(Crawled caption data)
-------
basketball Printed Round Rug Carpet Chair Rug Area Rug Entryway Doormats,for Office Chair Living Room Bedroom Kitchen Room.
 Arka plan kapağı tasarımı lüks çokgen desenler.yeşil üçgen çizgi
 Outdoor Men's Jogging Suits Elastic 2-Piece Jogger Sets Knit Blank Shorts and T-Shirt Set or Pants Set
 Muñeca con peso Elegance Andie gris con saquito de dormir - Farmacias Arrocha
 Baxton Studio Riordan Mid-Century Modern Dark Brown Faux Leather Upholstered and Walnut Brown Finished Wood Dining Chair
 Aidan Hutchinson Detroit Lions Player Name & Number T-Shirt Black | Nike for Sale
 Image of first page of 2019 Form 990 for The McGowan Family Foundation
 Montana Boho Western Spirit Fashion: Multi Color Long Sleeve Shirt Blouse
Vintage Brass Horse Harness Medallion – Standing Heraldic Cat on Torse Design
-------
Output every line from the records, exactly as written.

Answer to the exercise:
basketball Printed Round Rug Carpet Chair Rug Area Rug Entryway Doormats,for Office Chair Living Room Bedroom Kitchen Room.
 Arka plan kapağı tasarımı lüks çokgen desenler.yeşil üçgen çizgi
 Outdoor Men's Jogging Suits Elastic 2-Piece Jogger Sets Knit Blank Shorts and T-Shirt Set or Pants Set
 Muñeca con peso Elegance Andie gris con saquito de dormir - Farmacias Arrocha
 Baxton Studio Riordan Mid-Century Modern Dark Brown Faux Leather Upholstered and Walnut Brown Finished Wood Dining Chair
 Aidan Hutchinson Detroit Lions Player Name & Number T-Shirt Black | Nike for Sale
 Image of first page of 2019 Form 990 for The McGowan Family Foundation
 Montana Boho Western Spirit Fashion: Multi Color Long Sleeve Shirt Blouse
Vintage Brass Horse Harness Medallion – Standing Heraldic Cat on Torse Design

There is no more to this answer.